◆ **Available data**
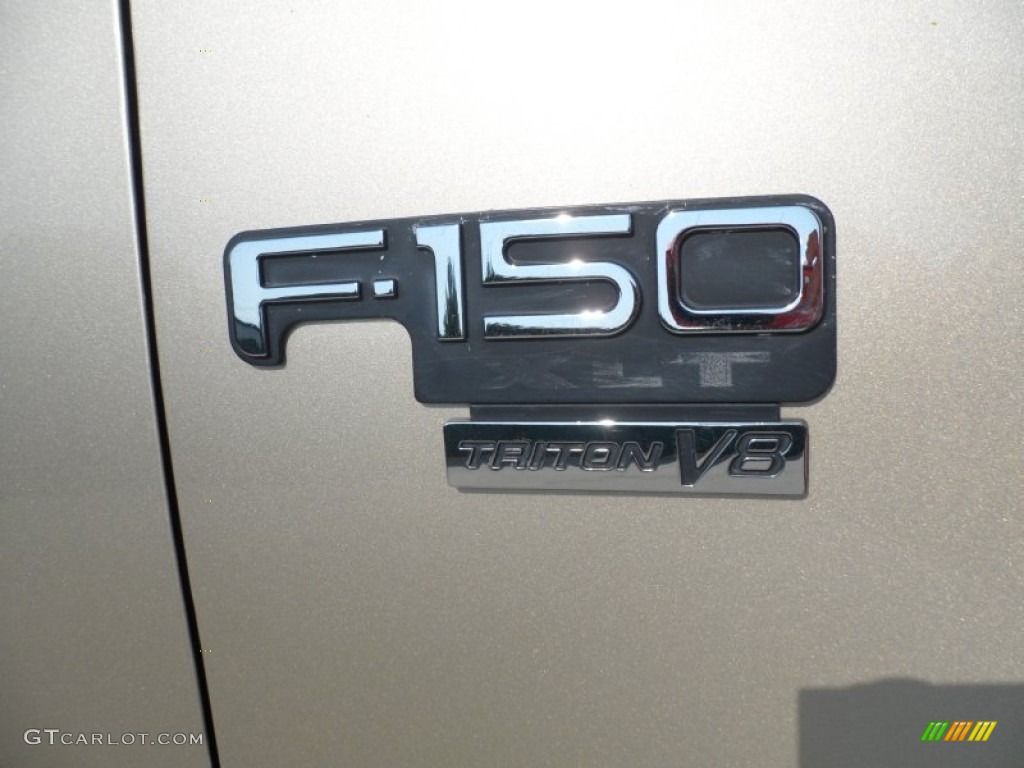 1999 Ford F150 XLT Extended Cab Marks and Logos Photo #65533566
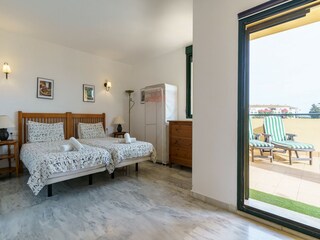 Maison de vacances La Mairena Équipement 13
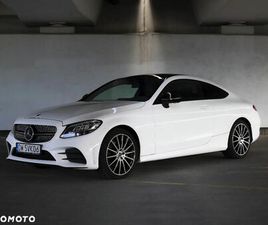 MERCEDES-BENZ KLASA C 200 9G-TRONIC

◆ **Problem description**
Repeat the data exactly, dropping every picture it holds.

◆ **Completed task**
 1999 Ford F150 XLT Extended Cab Marks and Logos Photo #65533566
 Maison de vacances La Mairena Équipement 13
 MERCEDES-BENZ KLASA C 200 9G-TRONIC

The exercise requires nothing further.